Open SylviaXJY opened 1 year ago
Hello, thanks for reporting this issue. The error indicates that there is an allele flip in your input data. If this is not the case, there may be a bug in the code.
Could you please provide me with a replicable dataset? I'll check it out with code.
Best Regards, Cue
Hello, SylviaXJY
I found what caused the error.
:: "ldsc_preprocess.py" does not allow allele mismatch, all risk(A1) and reference(A2) alleles from all .sumstats should match.
In the exemplary dataset, I found several allele mismatches. One of them is SNP 'rs12478753': ms: rs12478753 G(A1) A(A2) -1.762 115803.000 TID: rs12478753 A(A1) G(A2) 447388 0.752
Please do the following QC for your summary statistics before you analyze them using PLEIO. I will elaborate on the details of the QC process for PLEID analysis in WIKI later:
P.S. During the investigation, I found a minor bug and fixed it.
Best Regards, Cue
I also found a difference between the log file I generated using the data and what you generated. Currently, I don't know what causes this difference. Let me know if you have any other questions related with this.
Below is the .log I got from the ldsc_preprocess:
Call: ./ldsc_preprocess.py \ --ref-ld-chr eur_w_ld_chr/ \ --out output \ --input input.txt \ --w-ld-chr eur_w_ld_chr/
Beginning analysis at Sat Nov 12 16:24:56 2022
Read 2 traits from input
Failed to create a directory at : output
Failed to create a directory at : output/temp
Dividing z-scores with the correction factor (the squared root of the LDSC h2 analysis intercept value).
Dividing z-scores with the correction factor (the squared root of the LDSC h2 analysis intercept value).
Generate input files (sumstats.txt.gz) for LDSC --rg analysis
Generated output/temp/transient_ischemic_attack.sumstats.tsv.sumstats.gz
Generated output/temp/ms.sumstats.tsv.sumstats.gz
Number of variants in common: 1051555
Found 0 duplicated variants
Traceback (most recent call last):
File "./ldsc_preprocess.py", line 482, in
Analysis finished at Sat Nov 12 16:26:27 2022 Total time elapsed: 1.0m:31.29s
Thank you for your prompt response!

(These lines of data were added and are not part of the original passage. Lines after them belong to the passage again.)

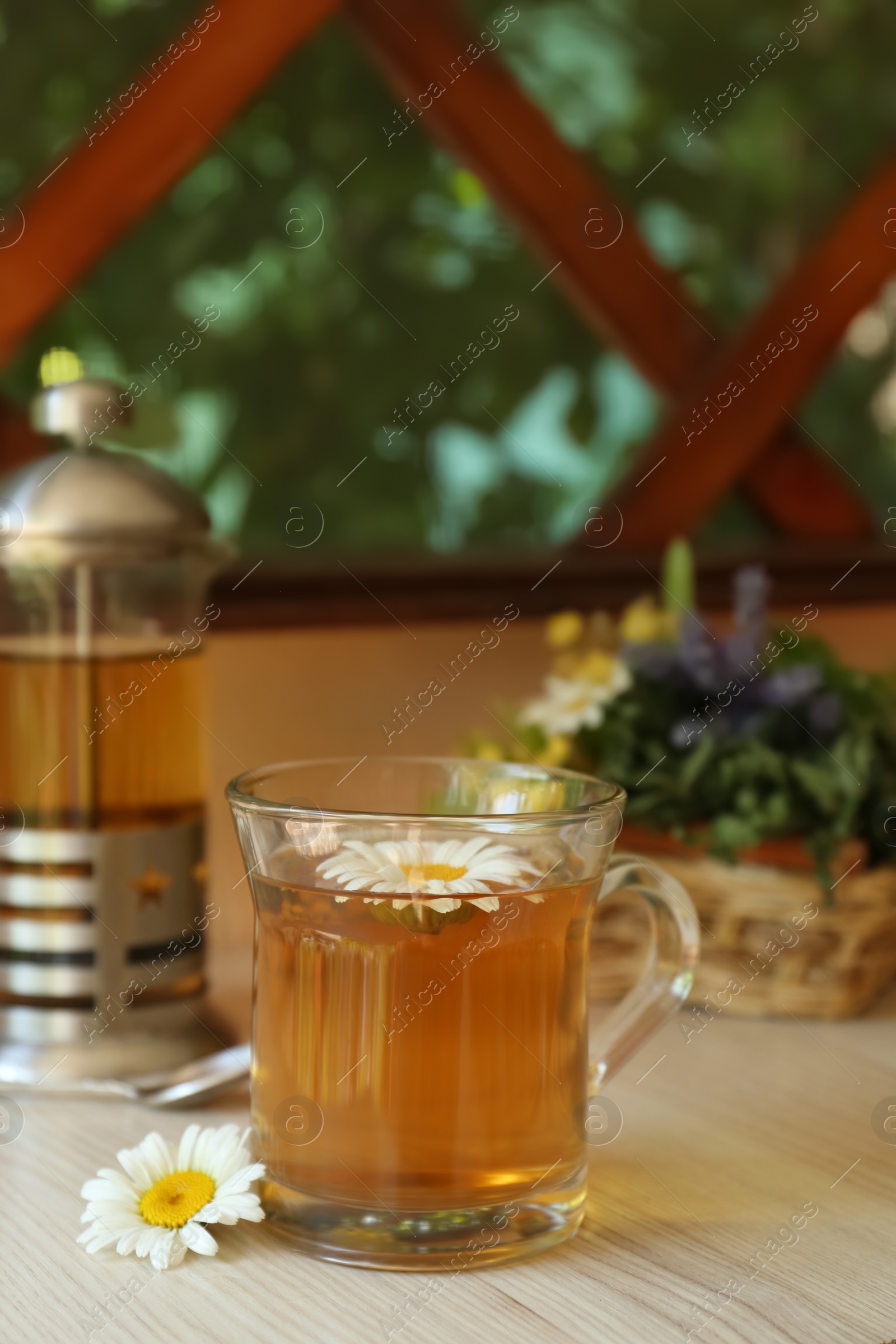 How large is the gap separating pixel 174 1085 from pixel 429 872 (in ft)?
0.80

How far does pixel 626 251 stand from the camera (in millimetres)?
1214

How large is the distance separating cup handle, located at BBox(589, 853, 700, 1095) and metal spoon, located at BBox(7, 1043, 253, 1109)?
7.6 inches

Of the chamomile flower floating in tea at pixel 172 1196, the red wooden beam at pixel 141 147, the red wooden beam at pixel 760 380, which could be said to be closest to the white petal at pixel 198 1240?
the chamomile flower floating in tea at pixel 172 1196

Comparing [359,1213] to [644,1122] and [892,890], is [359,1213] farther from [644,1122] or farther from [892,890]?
[892,890]

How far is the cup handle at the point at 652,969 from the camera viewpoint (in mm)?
623

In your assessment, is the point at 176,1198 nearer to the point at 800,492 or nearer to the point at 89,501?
the point at 89,501

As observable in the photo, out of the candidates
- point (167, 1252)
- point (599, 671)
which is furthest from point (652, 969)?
point (599, 671)

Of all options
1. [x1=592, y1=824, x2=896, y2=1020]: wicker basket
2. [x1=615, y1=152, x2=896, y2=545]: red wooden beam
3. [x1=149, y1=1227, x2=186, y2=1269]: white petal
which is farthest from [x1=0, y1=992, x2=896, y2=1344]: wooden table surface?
[x1=615, y1=152, x2=896, y2=545]: red wooden beam

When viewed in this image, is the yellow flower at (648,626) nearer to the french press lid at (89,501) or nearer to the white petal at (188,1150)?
the french press lid at (89,501)

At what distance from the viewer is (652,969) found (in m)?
0.64

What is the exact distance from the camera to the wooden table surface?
0.50 meters

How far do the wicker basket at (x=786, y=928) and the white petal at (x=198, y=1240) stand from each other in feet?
1.42

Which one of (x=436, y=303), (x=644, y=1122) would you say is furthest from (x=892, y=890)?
(x=436, y=303)

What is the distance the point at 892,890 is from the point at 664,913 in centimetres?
30
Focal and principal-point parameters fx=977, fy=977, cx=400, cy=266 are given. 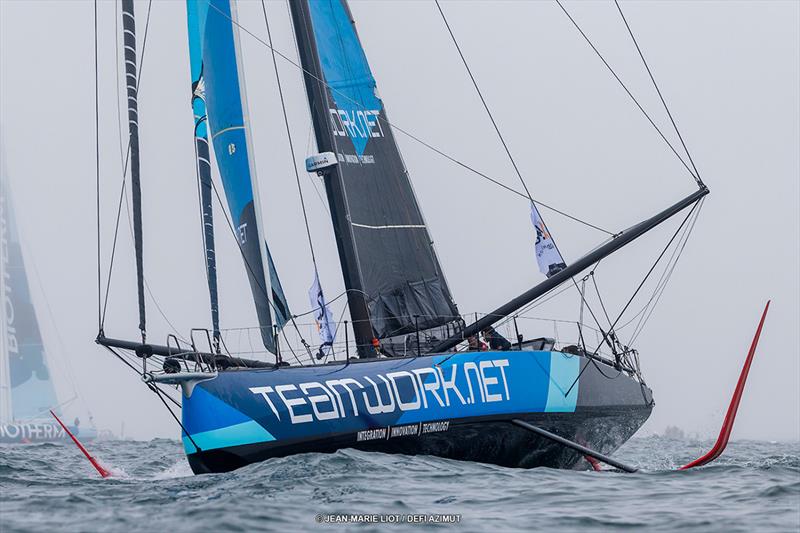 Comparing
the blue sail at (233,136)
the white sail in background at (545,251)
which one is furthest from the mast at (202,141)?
the white sail in background at (545,251)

And Thank you for the solution, I will try it!
Best, Xiongjy
When I call ./ldsc_preprocess.py -h it runs and I successfully get the "sg.txt.gz" and "ce.txt.gz". However when I attempt to check the log file I get the following error:
ValueError: Found Allele mismatch: ['rs7299872' 'rs7299873' 'rs7299874' ... 'rs10943760' 'rs7254116' 'rs11954743']
And I am sure I have already adjusted my VCF files to match the reference. What am I missing here? Thanks a lot!